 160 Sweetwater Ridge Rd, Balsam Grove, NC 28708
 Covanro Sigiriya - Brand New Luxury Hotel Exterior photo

--

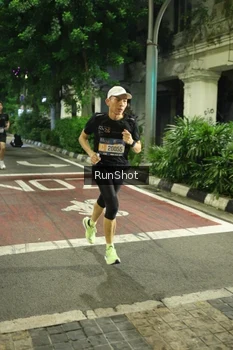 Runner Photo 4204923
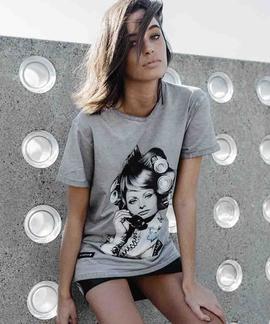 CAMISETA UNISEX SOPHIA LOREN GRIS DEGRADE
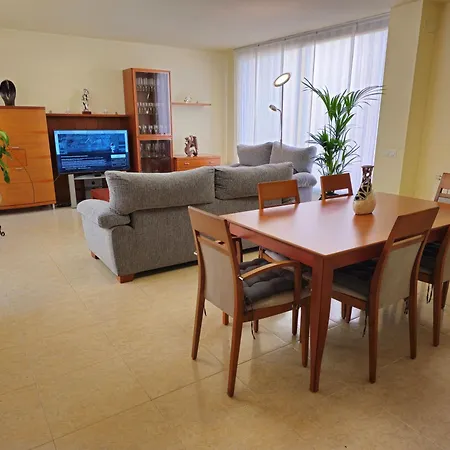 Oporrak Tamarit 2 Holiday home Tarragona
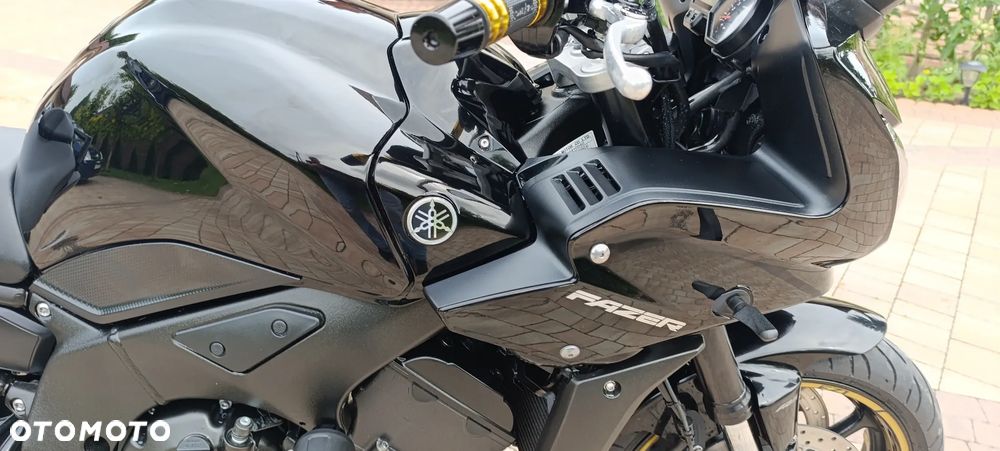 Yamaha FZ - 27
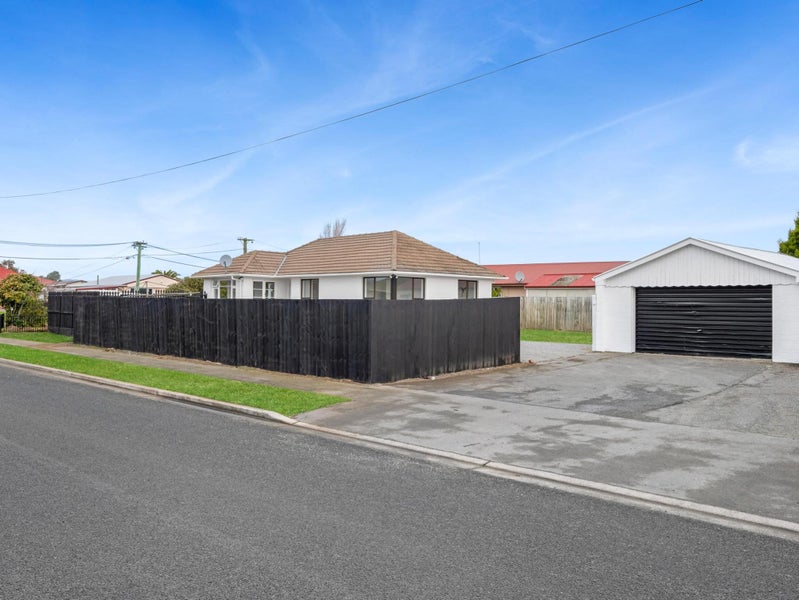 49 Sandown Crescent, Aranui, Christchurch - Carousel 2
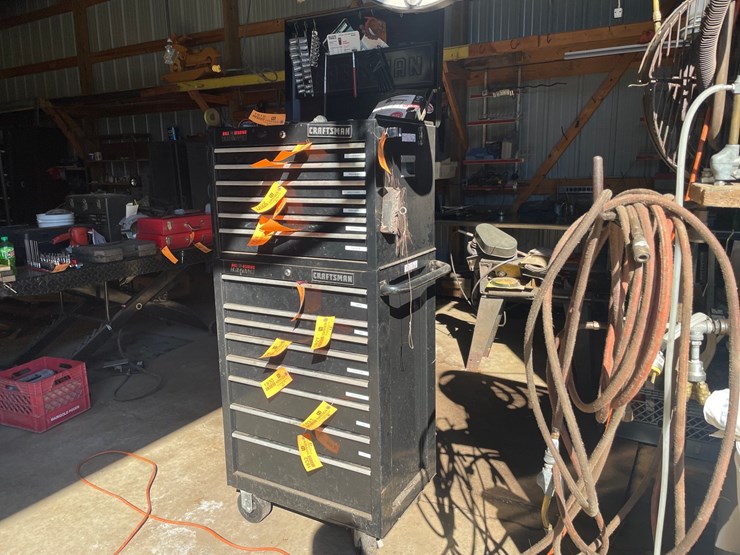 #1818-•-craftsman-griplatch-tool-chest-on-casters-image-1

** ACTIVITY **
Set down word for word the lines above from the one with "CAMISETA UNISEX SOPHIA LOREN GRIS DEGRADE" up to and including the one with "#1818-•-crafts". Omit every picture.

** RESULT OF THIS EXERCISE **
 CAMISETA UNISEX SOPHIA LOREN GRIS DEGRADE
 Oporrak Tamarit 2 Holiday home Tarragona
 Yamaha FZ - 27
 49 Sandown Crescent, Aranui, Christchurch - Carousel 2
 #1818-•-craftsman-griplatch-tool-chest-on-casters-image-1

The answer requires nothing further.